By Courtney Brennan
COLONA, Illinois - Cindy Madden's tragic death at the train tracks in Colona is unfortunately one of many deaths that occur at track crossings in Illinois.
"We rank second, nationally, for the number of track miles as well as the number of crossings. We have almost 8,400 crossings in the state," says Illinois Operation Lifesaver director Chip Pew. Operation Lifesaver is an educational organization dedicated to reducing the number of train crossing fatalities.
The 8,400 miles of crossings provide more exposure, more risk for accidents like Madden's. In 2005, Illinois led the nation with 30 fatalities at track crossings.

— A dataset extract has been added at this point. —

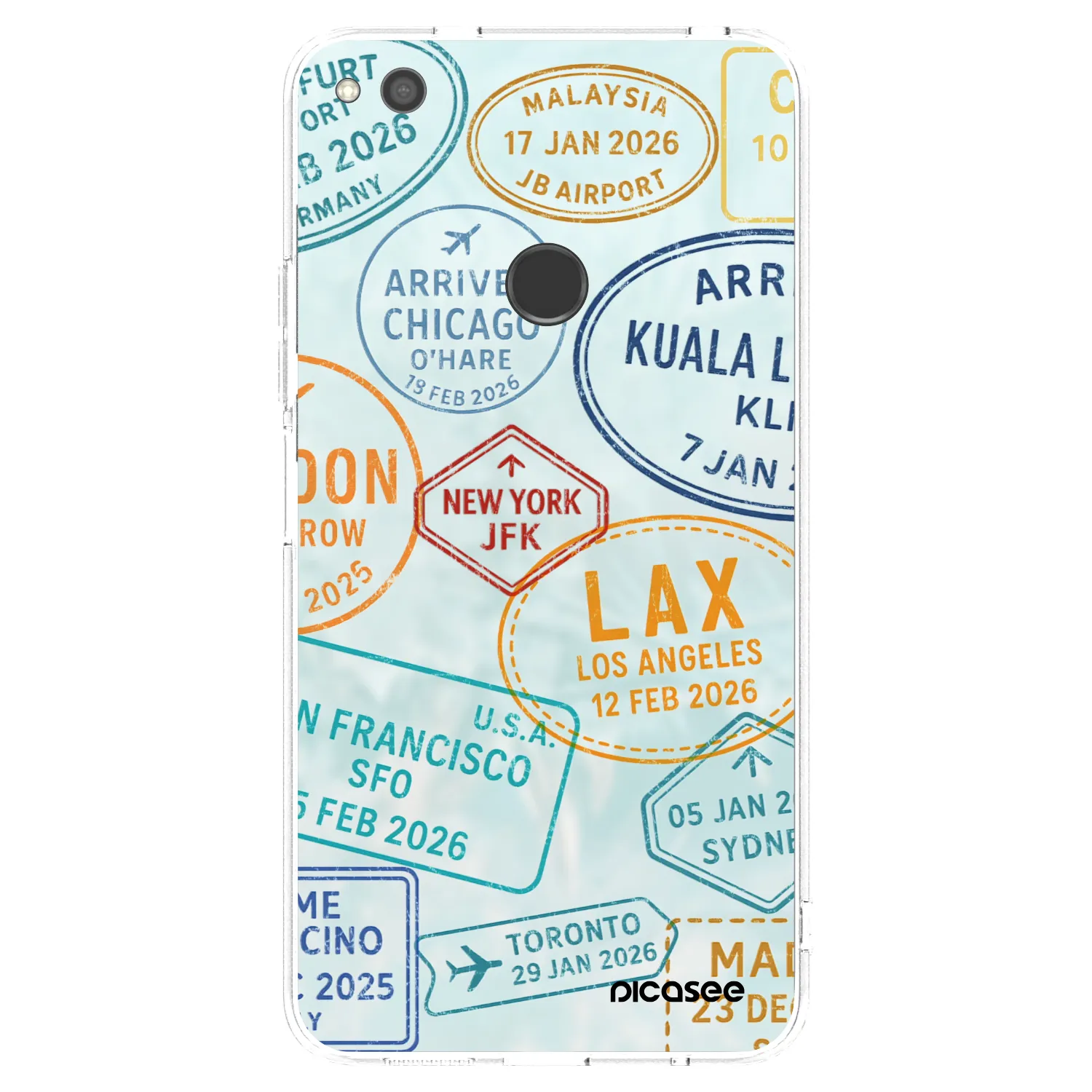 Picasee silikonowe przeźroczyste etui na Huawei P9 Lite 2017 - PASSPORT EDITION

If your car gets stuck on a set of tracks, get and look for the 1-800 on the signal box. Call that number and give the transit operator your location and the operator will notify any train conductors in your area. That way, the conductors can stop the train if it's anywhere near you.
In Cindy Madden's case, her car got stuck on the tracks and a train immediately came barreling towards her. In this instance, Operation Lifesaver says get out and run, but run towards the train.

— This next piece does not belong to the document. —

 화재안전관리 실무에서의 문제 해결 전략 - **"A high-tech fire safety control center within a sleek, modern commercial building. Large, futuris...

"Your initial reaction would be just getting away from the train when in actuality you want to go towards it but to the sides."
If you run the way the train is traveling, it's very likely that the train will hit your car and then the car will hit you - just like it did with Cindy Madden. Operation Lifesaver and Madden's family say do not waste any time trying to save your car or valuables - it's not worth it.